A usina das 700 mulheres
A terra tem um tom alaranjado e parece estar ardendo em brasa. O sol produz a sensação térmica de 40 graus, os borrachudos não dão trégua e o cenário é cortado por caminhões, retroescavadeiras, betoneiras, tratores e rolos compactadores. Efervescência é a melhor palavra para definir o canteiro de obras às margens do rio Madeira, em Porto Velho, a 100 quilômetros da Bolívia. As mulheres se espalham pela área de 2,7 mil hectares, onde está sendo erguida a Usina Hidrelétrica Santo Antônio, uma das maiores iniciativas do Programa de Aceleração do Crescimento (PAC). As 700 operárias - 14% da mão de obra contratada - formam o primeiro grande contingente feminino a atuar em todas as frentes de trabalho de uma construção pesada, revezando-se nas 24 horas do dia. Antes delas, já havia mulheres no setor (138 mil no país), mas, em geral, não ultrapassavam 2% dos operários de um empreendimento. Além disso, trabalhavam no almoxarifado ou acabamento. Poucas realizavam as tarefas rudes e reconhecidamente masculinas.
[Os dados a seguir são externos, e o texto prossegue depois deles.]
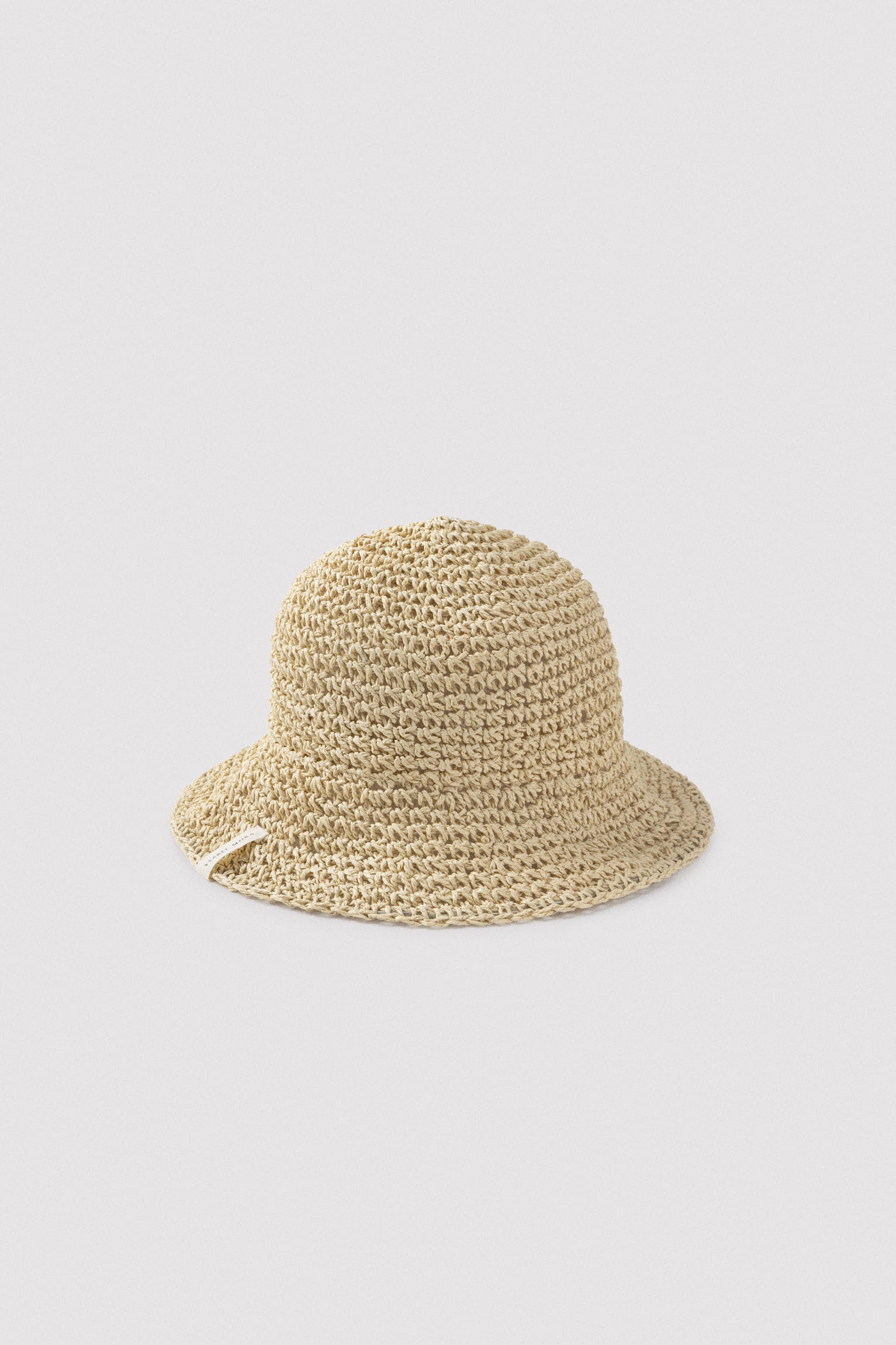 86288-gorro-de-rafia-con-borde-moldeable-ysabel-mora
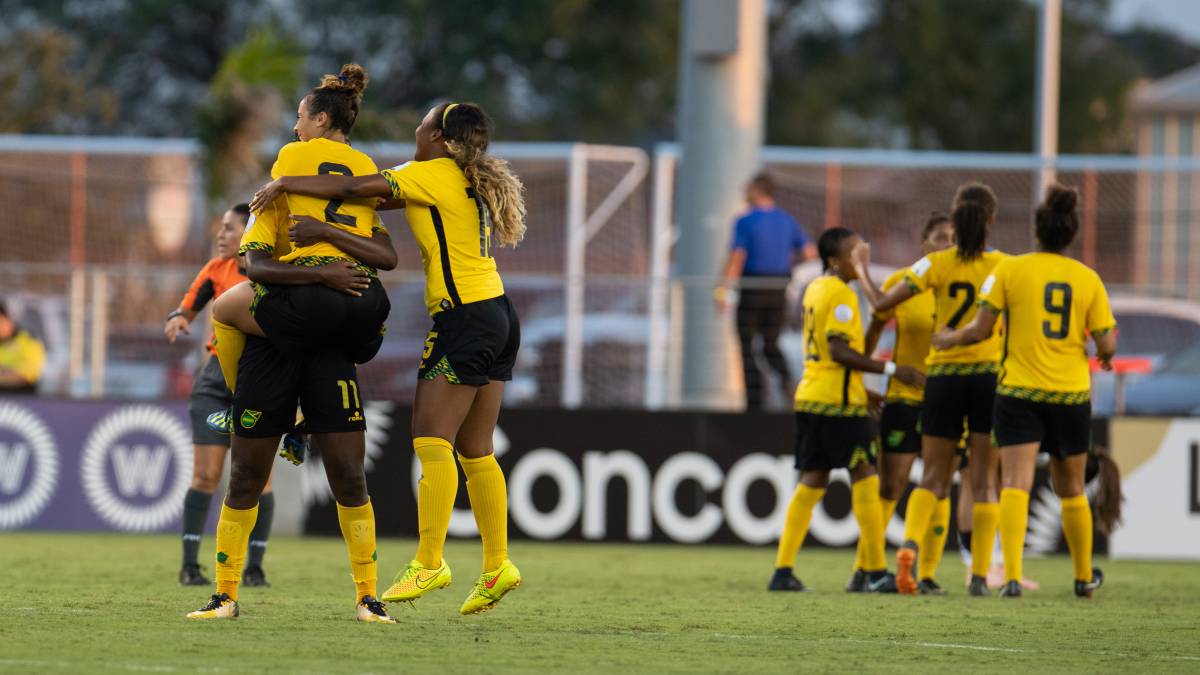 Jugadoras festejando una anotación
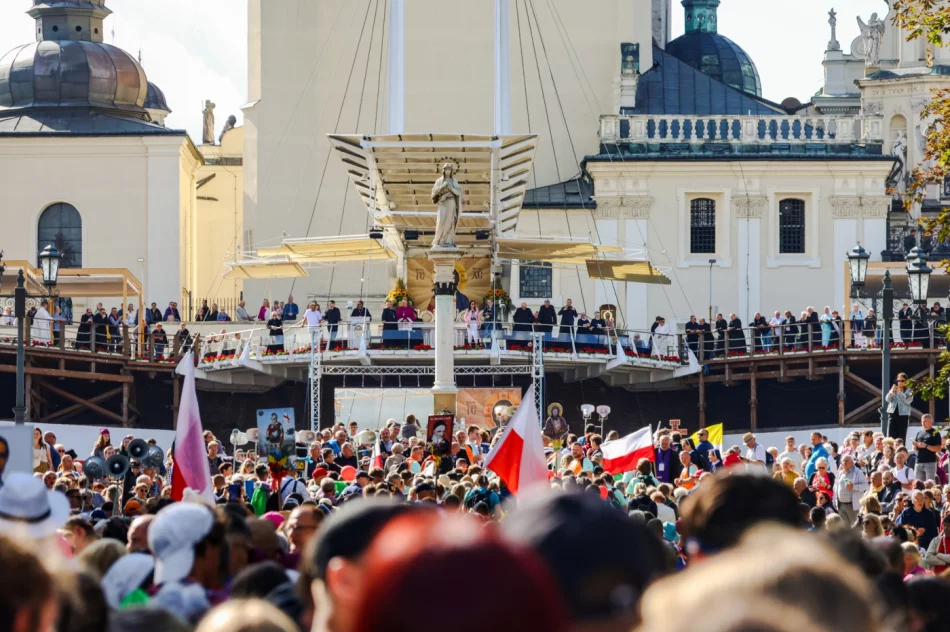 Pielgrzymi zakończyli 43. pielgrzymkę na Jasną Górę (ZDJĘCIA, WIDEO) - zdjęcie 11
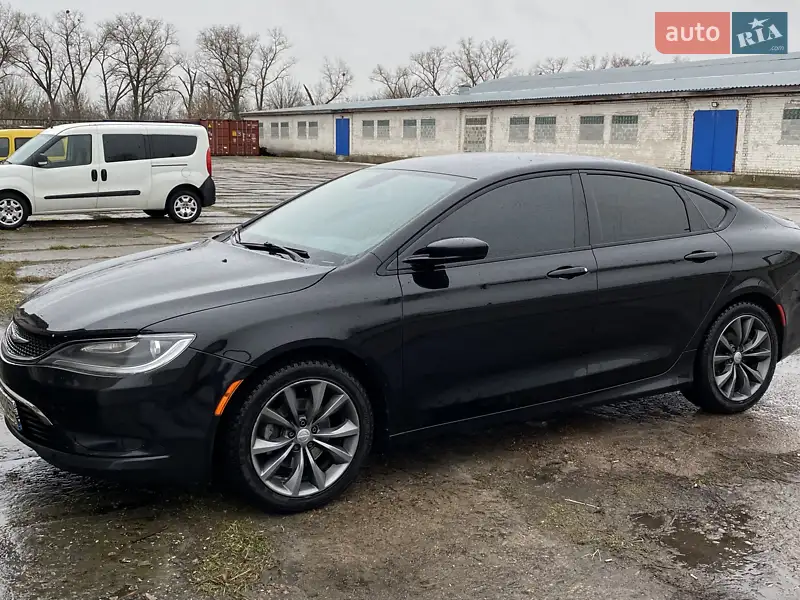 Chrysler 200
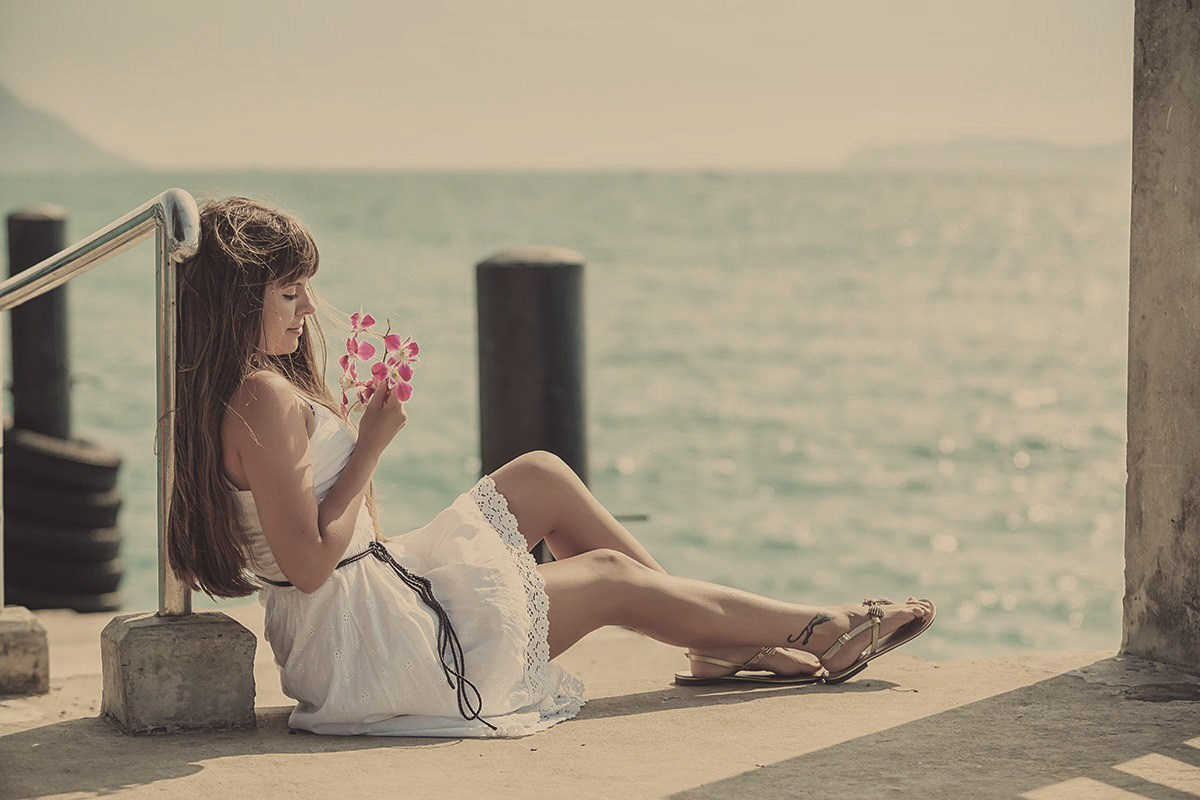 Фотосессия Пхукет фотограф красивая девушка пирс платье купальнике на пляже Панва пальмы  Патонг Ката Карон Найхарн Майкао идея место поза пример фото море заказать фотосъёмку Phuket Patong Naiharn цена стоимость описание фотосессии 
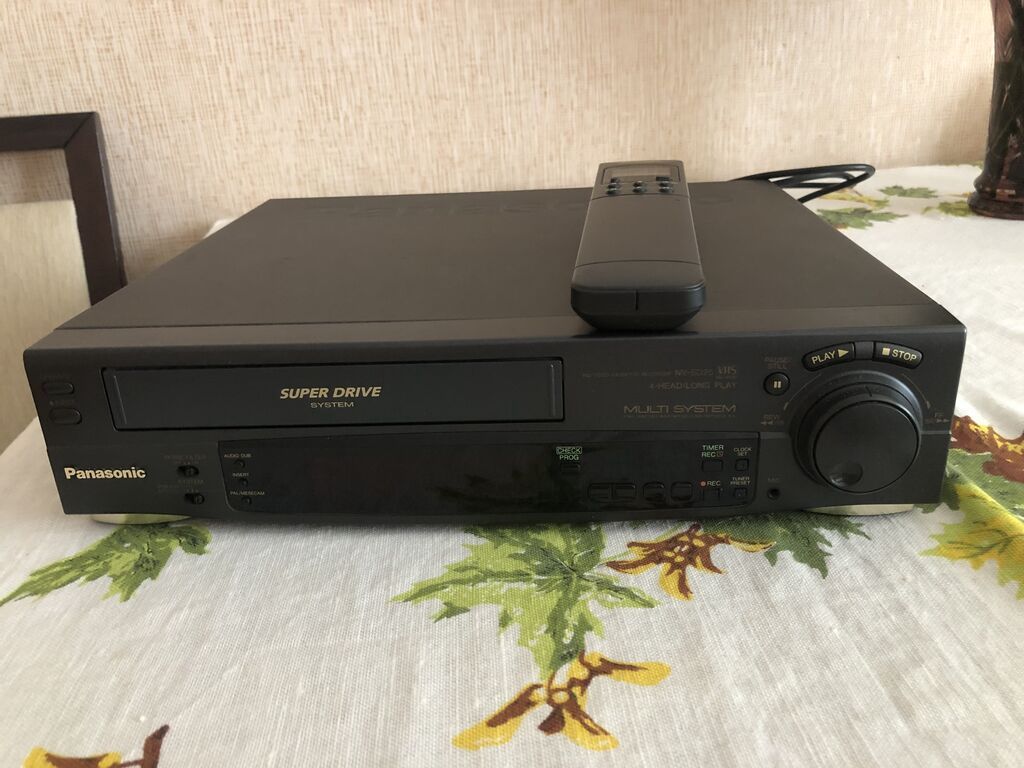 Panasonic NV-SD25 SuperDrive 4 başlıqlı VHS sistem - 1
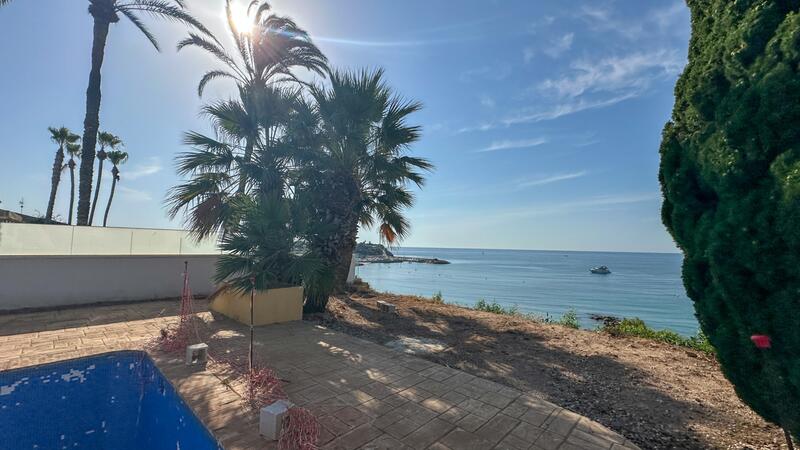 5 bedroom Villa for sale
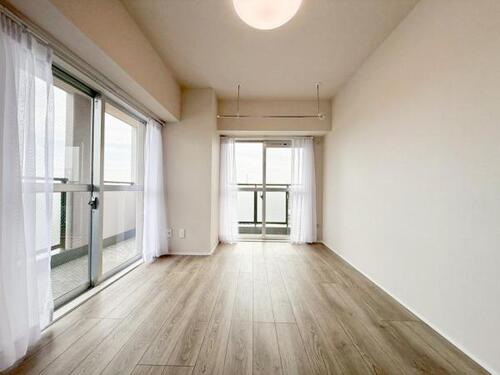 プロムナード仲町台3号棟の物件画像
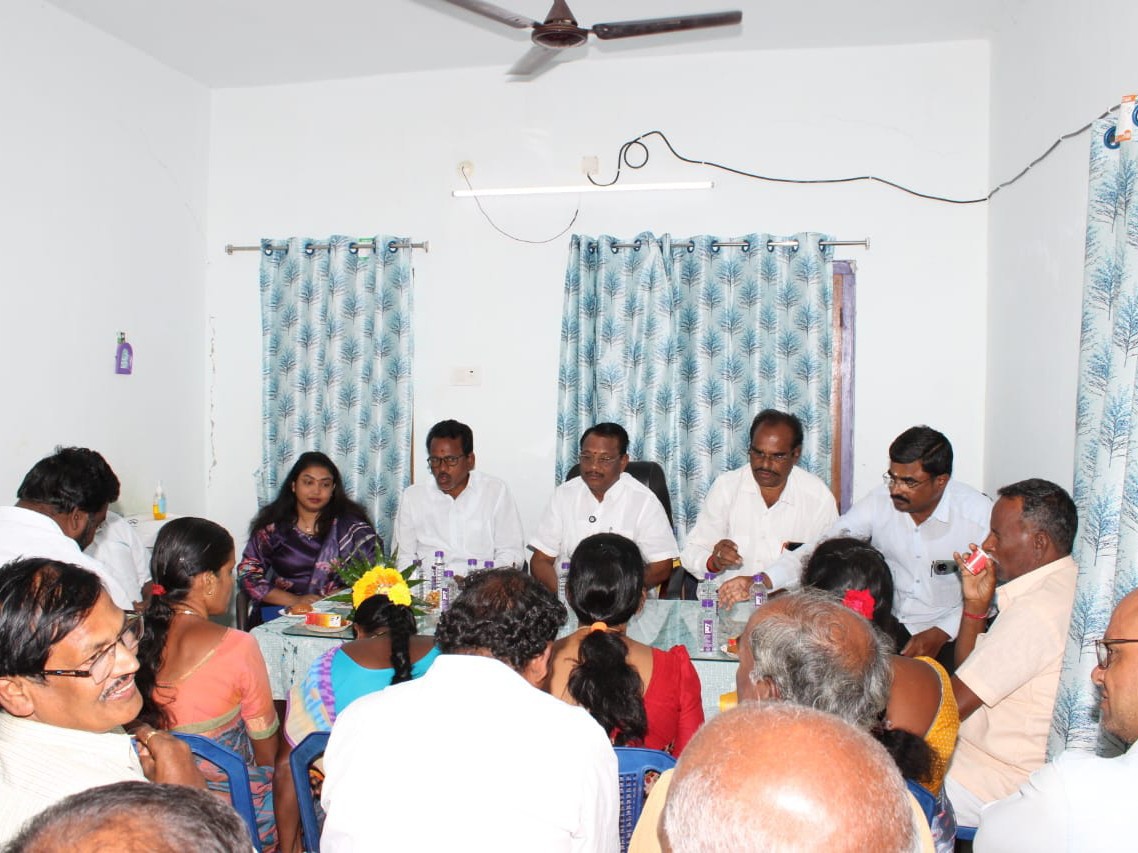 ‘మార్కెట్ కమిటీ నిధులతో అభివృద్ధి కార్యక్రమాలు చేపట్టాలి’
Na Santo Antônio, elas estão presentes desde o primeiro momento, em setembro de 2008. Rapidamente se adaptaram às novas atividades - bem diferentes do que faziam como domésticas, vendedoras ambulantes, artesãs, manicures, donas de casa. Como foram parar ali? O grupo Norberto Odebrecht, majoritário no Consórcio Santo Antônio Civil, responsável pelo canteiro, precisava inverter uma praxe do mercado, que é utilizar 30% de mão de obra local e 70% de migrantes. "Porto Velho tem 5% do esgoto necessário, 12% de água tratada, criminalidade alta, deficiência na saúde e na educação. Trazer peões de fora só agravaria os problemas", diz Antônio Cardilli, gerente administrativo e financeiro da Odebrecht. Pesquisas preliminares mostraram que a capital não dispunha de pessoal treinado para as primeiras 4,8 mil vagas. A alternativa foi criar, com apoio dos governos estadual e municipal, um projeto (o Acreditar) que preparasse gente para a empreitada.
MULHERES BATEM À PORTA
As inscrições foram abertas em 2006, em igrejas e associações de bairro. Num estado sem oferta de trabalho e com salário inicial médio na quinta pior posição nacional, as mulheres perguntaram se podiam participar. Os recrutadores tiveram dúvidas. Mas Cardilli, com o olho no EiaRima (documento que mede o impacto ambiental e social de uma edificação, indispensável para que ela tenha licença para ser realizada), arriscou: "Mandem vir as mulheres. Não há exigência de sexo ou escolaridade, o limite é físico". Quase tudo ali exige força ou resistência para suportar o sol, sob poeira e barulho por nove horas diárias.
As rondonenses corresponderam. "Até aqui, está funcionando bem", afirma Cardilli, para quem a iniciativa não representa uma ação social. Trata-se de negócio, mesmo." Mulheres significam menos acidente de trabalho, menor desperdício de recursos e maior produtividade, segundo Eunice Moraes, gerente de projetos de gênero e trabalho da Secretaria de Políticas Públicas para as Mulheres, autora de um programa de formação que tem sido oferecido a governos interessados em construir com mão de obra feminina.
DINAMITEIRA
Zyvane Leite Lira, 34 anos, técnica em mineração, não se incomoda quando a chamam de "mulher-bomba".